The SaaS (Software as a Service) startup is aiming to take a slice of the estimated US$150 billion dollars a year that companies around the world spend on relocating employees.
MOVE Guides describes itself as a transformational HR tech company. The venture partners with corporates and small to medium businesses to manage and move global talent. That could include new hires, employee relocations, fixed-term assignments or extended business travellers. The MOVE Guides software allows users to take care of all HR management functions as well as policies, payments and data. This results in efficiency and visible cost savings for clients.

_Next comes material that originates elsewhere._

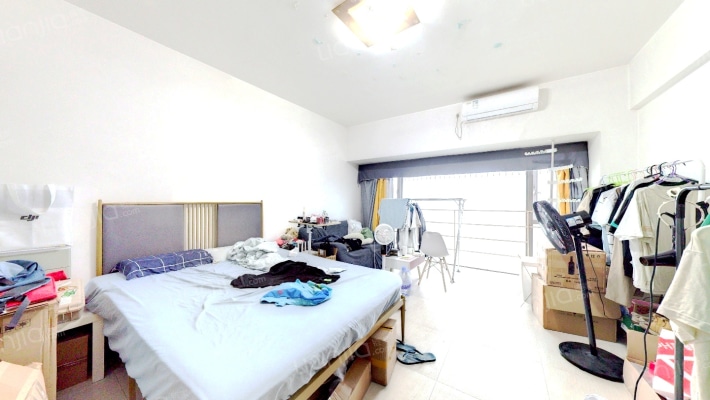 港岛银座二手房实景图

Founded by Brynne Herbert, (an American expat in London) in 2013, MOVE Guides has had two rounds of seed funding (totalling US$2.4 million) including a US$1.8 million seed round last year lead by Notion Capital and NEA. This current round was led by New Enterprise Associates (NEA), and included Notion Capital, Andy Leaver and David Windley.
Where the story gets interesting regionally from an Asia Pac perspective though, is today the company also announced their expansion into Hong Kong.
Although some smaller ‘outsource’ style businesses exist when it comes to organising relocations, from an Australian and Asian perspective we actually have no comparable product to MOVE Guides currently residing within our market. The closest startup that has enough traction and around 60% of the features from a Human Resources perspective would be Sydney based Employment Hero.
Employment Hero allows businesses to handle the end to end HR needs for their businesses, and with some added functionality could be used to replicate a similar to service to that of MOVE Guides as an add on. Not too dissimilar to their Spring.me style add on 10,000Answers they launched for Australian employers.
Whilst the market may seem too niche and too small now that there are already three global players, we need to keep in mind what a growth engine Asia is not just regionally but for most large companies across the world. And in fact, in order to receive various perks, tax breaks and kick backs from Government’s in the Asian region, companies need to keep a quota of ex-pats living and working within those countries. Foreign workers moving back and forth across borders is becoming more and more common. Especially in places such as Hong Kong and Singapore.
Unlike years ago, the war for good talent is now a global one, companies are not adverse to looking beyond the borders of the country to find the right person for a role. Talent mobility albeit a rather unsexy market is definitely a lucrative one.